# Telecommunication



## Speedy Petey (Jan 10, 2007)

I'm not sure. What are some of the other questions on the test?


----------



## Jordan De Armas (Jan 28, 2009)

*Telecommunications*

What is the inductance reactance of 40hertz and 400hertz


----------



## Speedy Petey (Jan 10, 2007)

Nope, I got nuthin'. Sorry.


----------



## Speedy Petey (Jan 10, 2007)

Is there any chance you could study to find the answers?


----------



## sherman (Sep 29, 2008)

Can you make this a multiple choice??


----------



## Trimix-leccy (Dec 4, 2007)

http://ourworld.compuserve.com/homepages/Bill_Bowden/XLC.htm

But only if you know the inductance in the first place

Xl = wL

w = 2 x Pi x f

Well it was 30+ years ago when I used to care:whistling2:


----------



## hbiss (Mar 1, 2008)

2w in x .25= 0.5w

Formula for power ratio is:

10 x (log P1/P2) 

So

10 x (log 2/.5)= -6.02db

Simple rule of thumb for you to remember is 1/4 the power is -6db.
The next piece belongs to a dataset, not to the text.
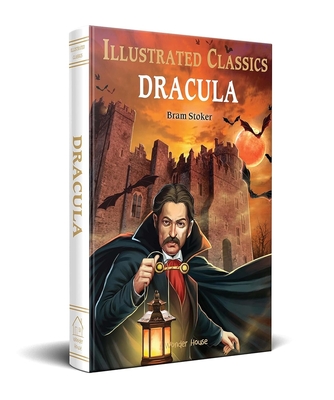 Dracula: Abridged and Illustrated - Bram Stoker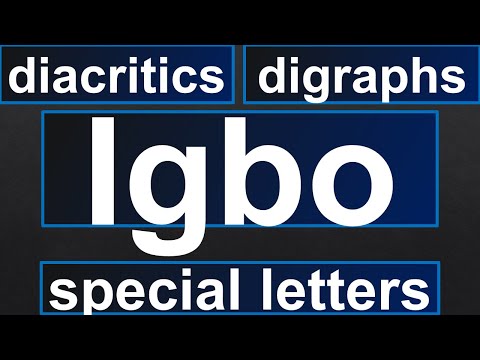 Igbo Language 20 - Digraphs and Diacritics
That's what they are asking. 

-Hal


----------



## cdnelectrician (Mar 14, 2008)

I am sorry if I am out of line here...but PLEASE improve your grammar, spelling and punctuation when posting. We are all guilty of the above, but this is bad! Give us some backround on your problem and we will help!


----------



## hbiss (Mar 1, 2008)

I agree. I had to read tht several times myself. This is what he appeared to say:

A 2 watt signal is is input (to a pair of wire, device etc.) and the output is .25 attenuation. What is the decibel loss? 

In other words what is a power loss of .25 (or one-fourth) expressed in db. 

-Hal


----------